Mailing List Archives Authenticated access	UW Madison Computer Sciences Department Computer Systems Lab

[Date Prev][Date Next][Thread Prev][Thread Next][Date Index][Thread Index]

Re: [HTCondor-users] Debugging HIBERNATE/ROOSTER, halfway done

Date: Thu, 20 Nov 2025 21:11:54 +0000
From: Zach McGrew <mcgrewz@xxxxxxx>
Subject: Re: [HTCondor-users] Debugging HIBERNATE/ROOSTER, halfway done

Hey Steffen,

> Also it's unclear what would happen if a particular machine selected for waking
would not come up properly - during my tests I saw the same machine addressed by
the Rooster over and over (because the script had a bug).

I've had this happen with machines where the jobs get stuck scheduling to the same offline machine instead of trying another host. Rooster attempts to wake the machine, it fails for any number of reasons, and the loop repeats of matching to the offline machine. I remember seeing an "Avoiding Blackholes" page on the old Condor wiki somewhere, but I haven't tried it see if it would work to solve this issue or not. I seem to recall it being something done with the submission itself, but that could still be done server side through job transforms.
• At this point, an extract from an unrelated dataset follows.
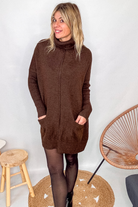 Robe pull marron chocolat col roulé avec poches, coupe ample, portée avec des collants noirs et des bottines.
It's on my to-do list but doesn't happen very often from my experience; I usually just condor_hold && condor_release the job which is enough to reschedule it somewhere else.
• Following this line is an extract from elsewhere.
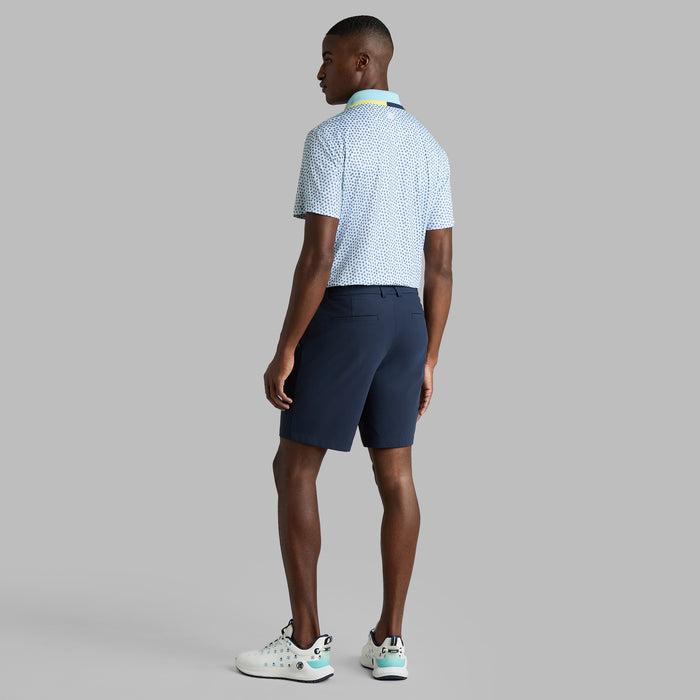 back profile of model wearing G/FORE Triple/G Tech Jersey Golf Polo Shirt in white blue and yellow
> A feasible (but complicated-looking, as it needs a job per machine) way would be
to add a Requirement to the job submit file that requests a certain host.
I haven't found another means to tell the Rooster to wake up *any* node unless
there are no idle ones left (matching).

That shouldn't be too bad to test. Something like this that reads from a list of hosts to attempt to wakeup:

# Very important task here
executable = /usr/bin/sleep
arguments = 60
request_cpus = 1
request_memory = 1GB
Requirements = (Machine == "$(host)")
queue host from hosts.txt


And then hosts.txt would just be one host per line:
cf405-07.cs.wwu.edu
cf165-07.cs.wwu.edu
kb311-07.cs.wwu.edu

Submitting that would schedule one job per host specified, and if offline should trigger Rooster to attempt to wake it up.
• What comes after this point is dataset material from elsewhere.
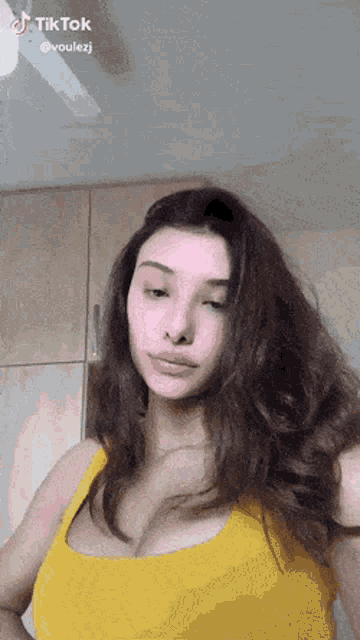 a woman in a yellow tank top is standing in front of a ceiling fan and looking at the camera .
> It gets rewritten, and versioned in some way (I now have .3, .4 and the "main"
one), but I'm not sure about the lifetime, I haven't set OFFLINE_EXPIRE_ADS_AFTER
so this should keep the Offline nodes forever I suppose.

I'm hoping to upgrade my hardware before the next ~4085 years (INT_MAX seconds), and this won't be a problem for losing offline nodes. =)


And jumping back to your previous questions, "but not obviously following the UNHIBERNATE_RANK?" and "likely by modifying the NEGOTIATOR_PRE_JOB_RANK?":

Those would be solving two different things. The NEGOTIATOR_PRE_JOB_RANK would help determine which machines match (example: do you prefer to schedule to a particular type of system, prefer to schedule to a system that's online or off, etc.). I have mine set to fill nodes depth first, keeping others idle or off when possible. The ROOSTER_UNHIBERNATE_RANK is used once a list of offline hosts have been matched and need to be powered on, and determines what order to wake them up in (example: prefer to turn on a GPU node before the CPU node because maybe it takes longer to boot?) Everything in the list will eventually be woken, but this lets you adjust what order to do it in.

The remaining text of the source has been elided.